We can devise a “sliding” list-chunker which gives successive sublists; e.g.
windows 3 [a, b, c, d, e]
= [[a, b, c], [b, c, d], [c, d, e]]
This can be specified by the recursive equation
windows k [] = []
windows k (x ∷ xs′) = take k (x ∷ xs′) ∷ windows k xs′
Since the second equation depends on xs′, windows cannot be defined directly as a catamorphism. It’s more interesting to define it as an anamorphism:
windows k = unfoldr (frame k)
frame : Int → [α] → Maybe ([α], [α])
frame _ [] = Nothing
frame k (x : xs) = Just (take k (x : xs), xs)
So we can express all of the “frame overlaps” of interest by
filter length_four ∘ windows 4
Then it’s a matter of counting the increasing sums:
count compare_w ∘ filter length_four ∘ windows 4
where
count : (a → Bool) → [a] → ℕ;
count p ≡ length ∘ filter p
which can be expressed easily as the catamorphism
count p = foldl (λc x → if p x; then c + 1; else c) 0
This produces the right answer, but since we have a hylomorphism, it would be nice to “deforest” it through fusion. The first step is to fuse the count and filter; instead of using cata fusion, though, we simply combine the predicates compare_w and length_four–since, in fact, the domain of compare_w is restricted to length-four lists, anyway:
increasing : [ℕ] → Bool
increasing ns = (length ns == 4) ∧ (ns !! 0 < ns !! 3)
So now the hylomorphism is clear. We have the hylo operator for single-argument unfold as
hylo : (α → β → β) → β → (γ → Maybe (α, γ)) → γ → β
hylo f e g b = case g b of {
Nothing → e;
Just (x, b′) → f x (hylo f e g b′) }
characterized by
h = hylo f e g b ⇔ h = foldr f e . unfoldr g b
Thus
depth_changes
= { result above }
count increasing ∘ windows 4
= { count def., switching to foldr (second duality theorem) }
foldr (λc ns → if increasing ns; then c + 1; else c) 0 ∘ windows 4
= { windows def. }
foldr (λc ns → if increasing ns; then c + 1; else c) 0
∘ unfoldr (frame k)
= { hylo u.p. }
hylo (λc ns → if increasing ns; then c + 1; else c)
0
(frame k)
where the base element b is the list argument.

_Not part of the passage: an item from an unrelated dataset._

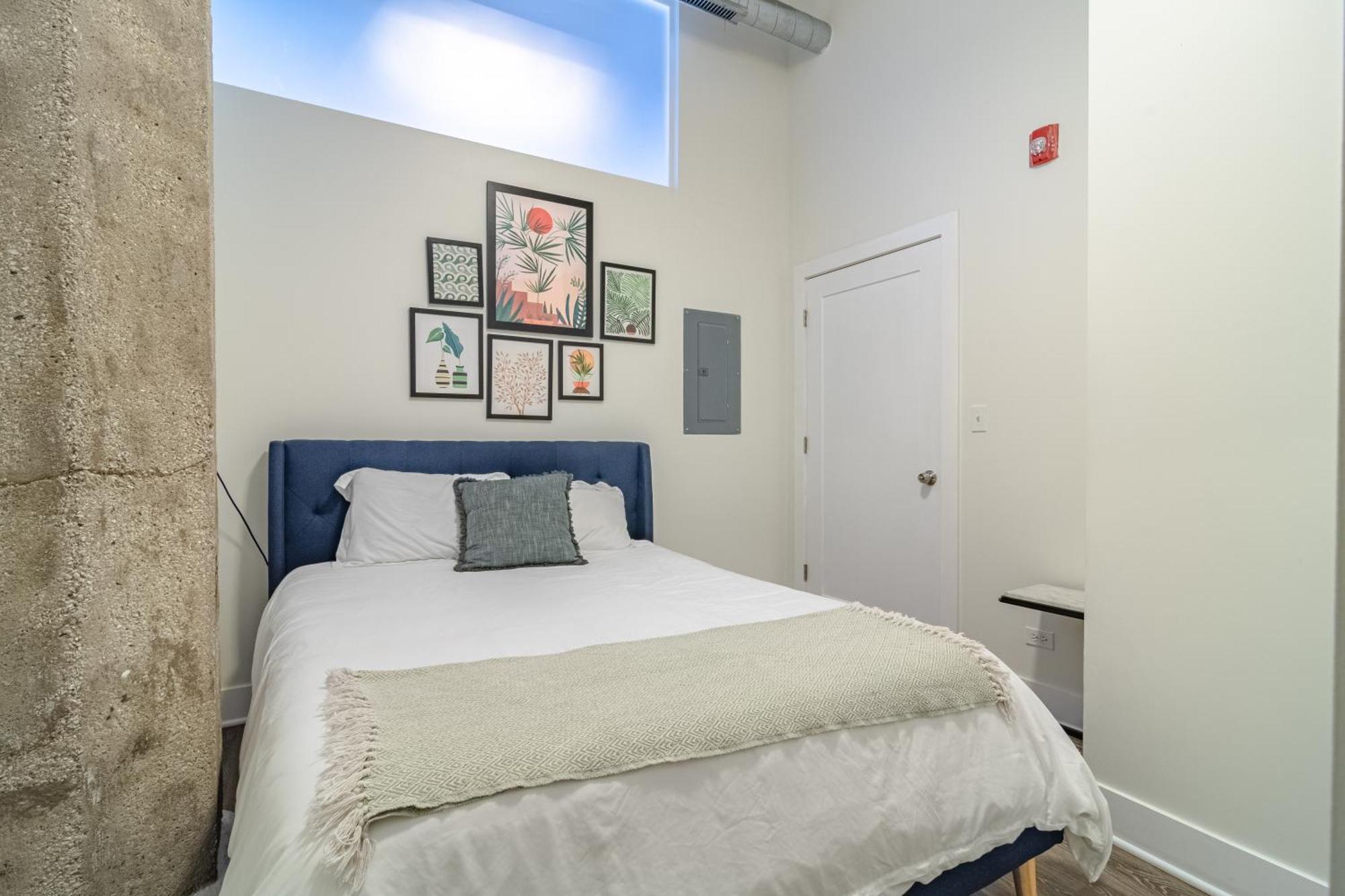 Modern 2Br Loft With Amazing City Skyline View And Optional Parking For 8 Guests Near Mccormick Place And Soldier Field Chicago Buitenkant foto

We can actually generalize this as a "counting" hylo which counts the number of notionally-constructed type that satisfy a given predicate:
count_hylo p g b = hylo (λc x → if p x; then c + 1; else c) 0 g b
Then we have
depth_changes = count_hylo increasing (frame k)
This is pretty compact. It does use space bounded by 4n for an input n-list, and clearly there are going to be list-scanning solutions which use constant space. It’s worth considering how we could derive those.